La possibilità di spiegare in termini di “non-violenza” la rinuncia monastica alla carne potrebbe essere confortata dall’apprezzamento che quella tradizione mostra verso i cibi di derivazione animale (formaggio, uova) intesi come sostituti funzionali della carne. Più che (nonostante i proclami) un rifiuto dietetico per i “sostanziosi” prodotti animali, che noi diremmo “proteici”, ciò configura una volontà di distacco dagli alimenti che non provengono da animali vivi. «Nessuno osi assaggiare cibi animali, eccetto i latticini, o di volatili, eccetto le uova»: era questa la regola nel cenobio di Condat, ci informa un testo agiografico del primo Medioevo. Lo stesso tabù del sangue (identificato, secondo la tradizione ebraica, con la vita dell’animale) potrebbe essere letto in questo senso. «Delle creature che hanno sangue e calore di vita», leggiamo nella Storia lausiaca a proposito di una santa donna di nome Candida, «ella non volle assolutamente far cibo, ma si limitò a prendere del pesce e delle verdure condite con olio nei giorni di festa». Quasi che il pesce, frigido e (in apparenza) privo di sangue, non condividendo il «calore di vita» degli altri animali, fosse in qualche modo assimilabile ai cibi inanimati come le verdure. Lo stesso forse vale per i volatili, meno “sanguinolenti”, meno “vivi” dei mammiferi terrestri: un passaggio di Rabano Mauro propone un parallelo, quasi un transfertlinguistico fra «sangue» e «quadrupedi».
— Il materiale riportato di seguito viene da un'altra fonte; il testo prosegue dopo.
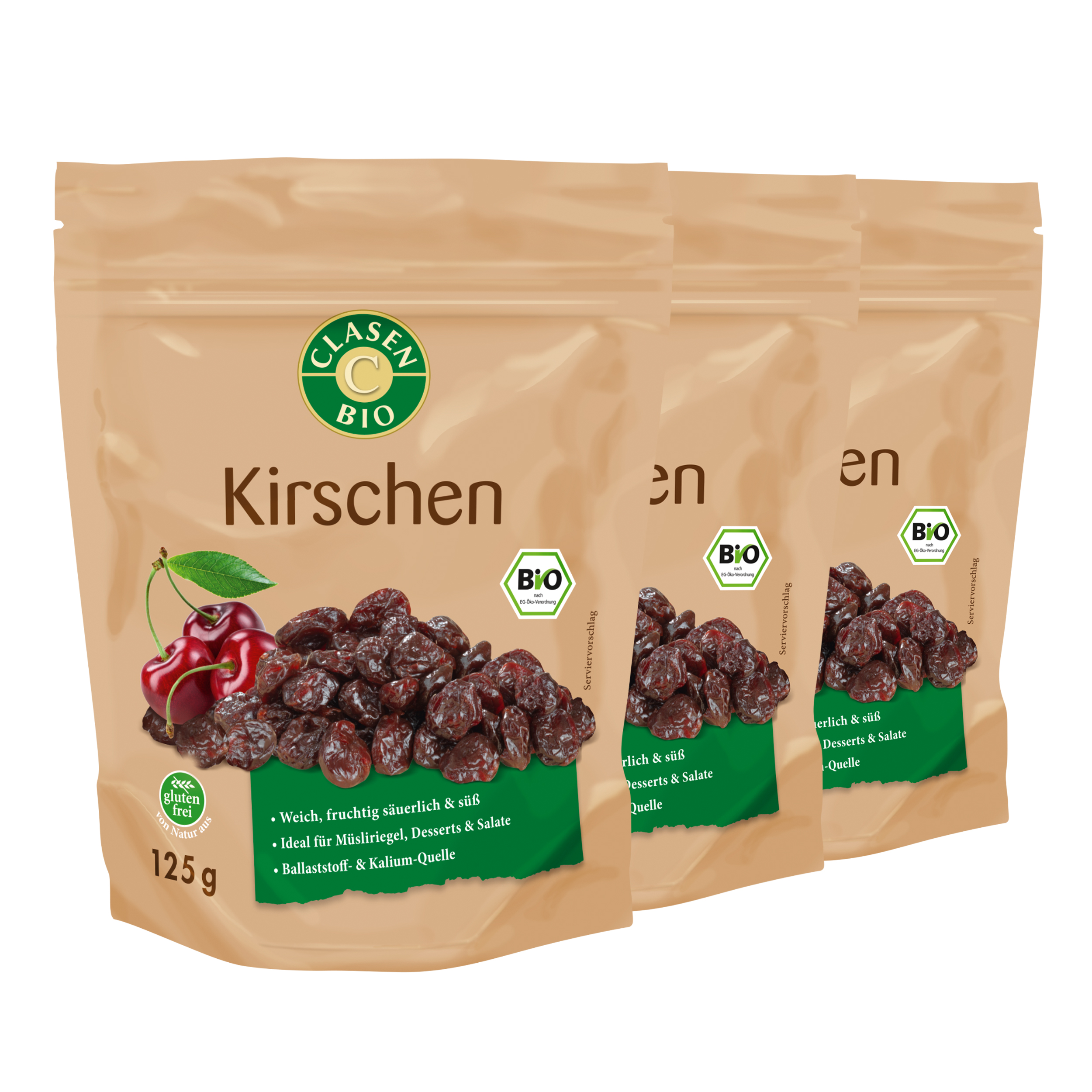 Bio Kirschen Bio Kirschen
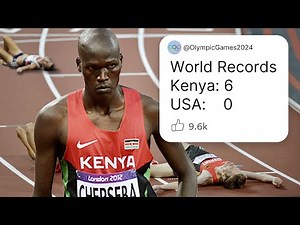 The Kenyan Running Mystery Noone Can Solve (9 Secrets)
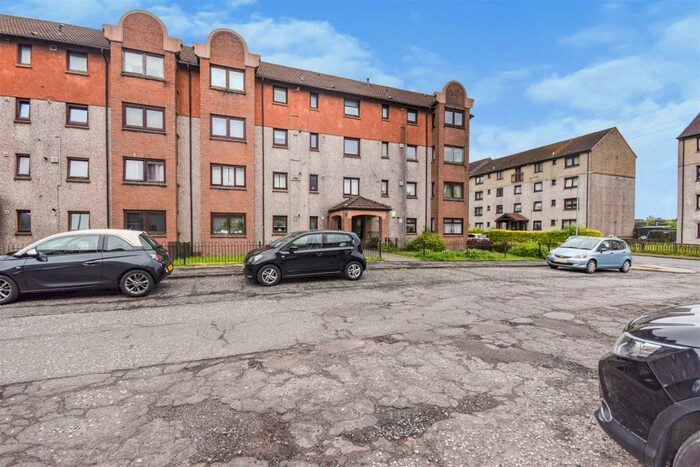 2 Bedroom Flat To Rent In Burnbrae Street, G81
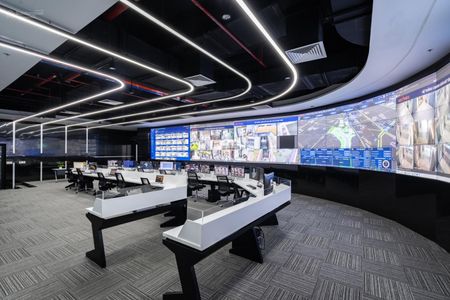WTC Tower Hạt nhân của đô thị Khoa học công nghệ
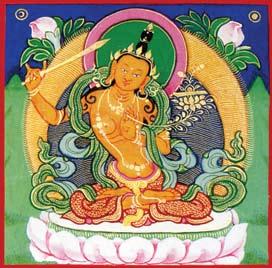 To the mouth of the kind root Guru Vajradhara (Phabongkha Rinpoche) Dechen Nyingpo, the glorious excellent one OM AH HUM.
L’ideale di una dieta rispettosa della vita animale traspare anche altrove. In una poesia di Prudenzio (IV-V secolo) il regime alimentare del cristiano è descritto come tipicamente vegetariano e perciò «innocente», innocuus, opposto alla dieta “violenta” di coloro che per imbandire la tavola fanno strage di animali. È il mito del Paradiso che ritorna; lo stesso che suggerisce la connotazione ambiguamente naïf conferita dalla cultura medievale al consumo di verdure, gli olera che, scrive Isidoro di Siviglia, «sono così chiamati giacché furono per gli uomini il primo cibo [fantasioso accostamento di olera ad alere = nutrire], prima che si iniziasse a mangiare carne»: il cibo vegetale si trova così arricchito di una connotazione morale, diventa simbolo delle erbe e dei frutti di cui l’uomo si nutriva in Paradiso prima della caduta. 
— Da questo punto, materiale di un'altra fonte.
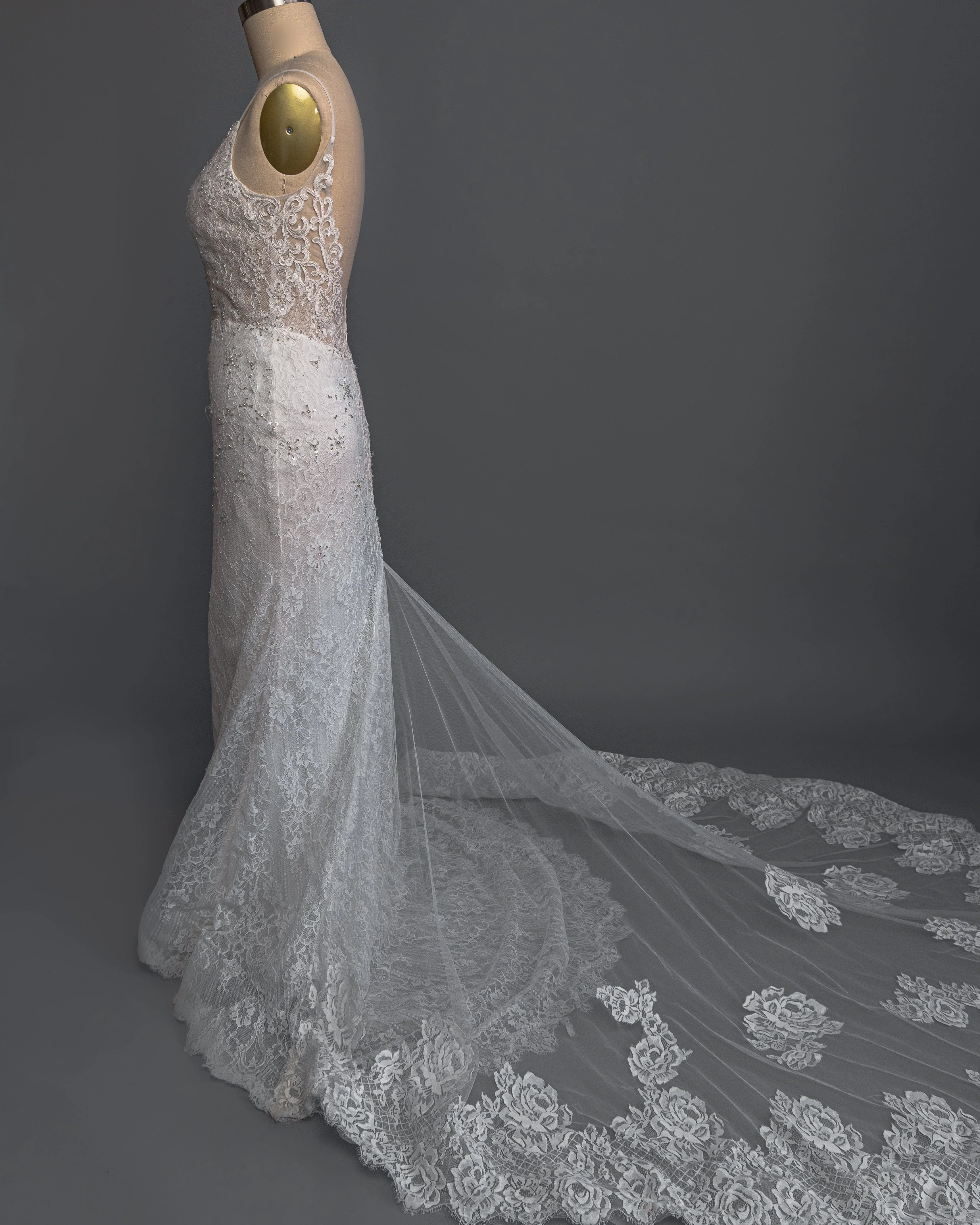 Calla Blanche Faith - Size 12 - Image 5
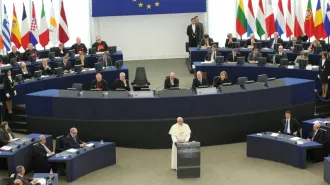 Per il premio Carlo Magno al Papa, l'Europa fa visita in Vaticano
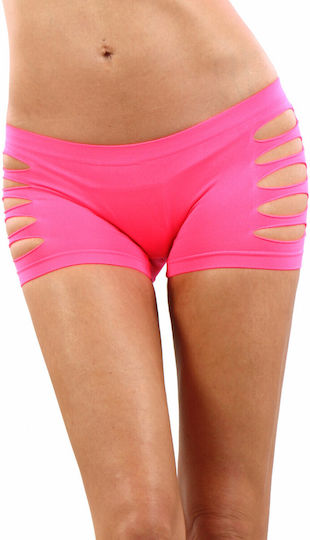 Soiemio Sexy Shorts Pink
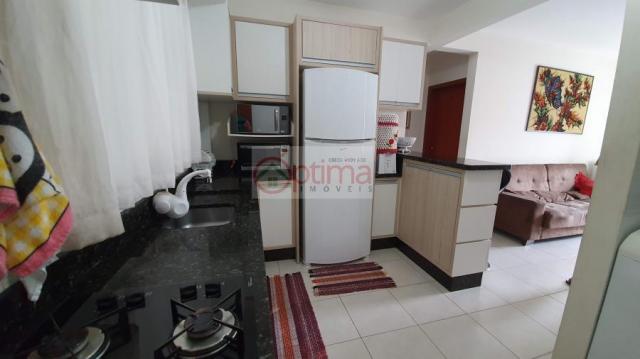 Apartamento para Venda em Palhoça, ARIRIÚ, 2 dormitórios, 1 suíte, 2 banheiros, 1 vaga - Foto 5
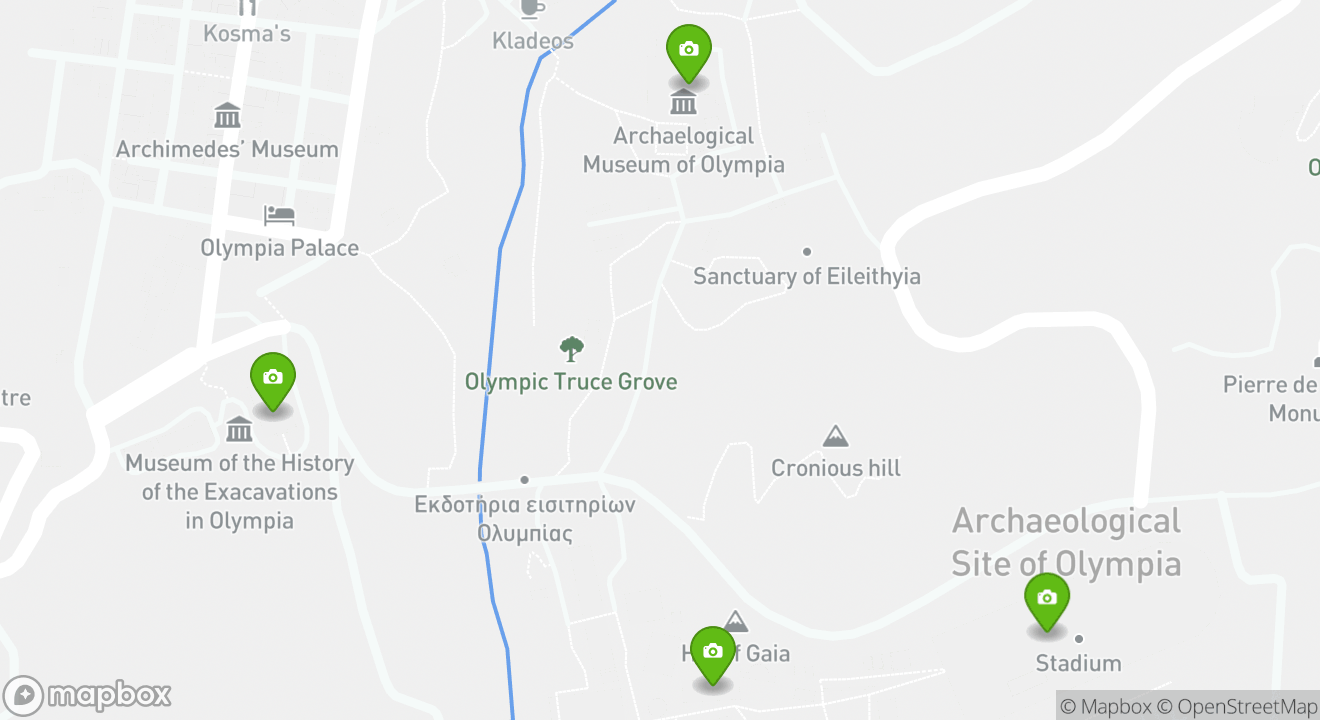 Directions to Attraction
Le Vite dei Padri raccontano che il vescovo di Cipro una volta invitò a pranzo l’abate Ilarione e gli fece servire un piatto di volatili. L’ospite rifiutò di mangiarli, dichiarando con orgoglio che, da quando aveva preso l’abito monacale, non aveva più toccato cibo «proveniente da esseri uccisi». Ne seguì una discussione sul valore di tale scelta, alla fine della quale entrambi convennero sul fatto che bontà e carità erano più apprezzabili dell’astinenza dell’abate. In tal modo il paradigma cristiano era salvo. Ma le parole di Ilarione, che professava rispetto per ogni genere di vita, ci fanno capire, o meglio intuire, che accettare con tranquillità l’uccisione degli animali era un imperativo ideologico con cui molti cristiani faticavano a convivere. La cosa è durata fino a oggi, ampliando progressivamente il “pubblico” di questo dibattito e ribadendo, nei secoli più vicini a noi, la diversità di prospettive (ma anche le oggettive coincidenze di obiettivi) tra pensiero cristiano, scienza e filosofia.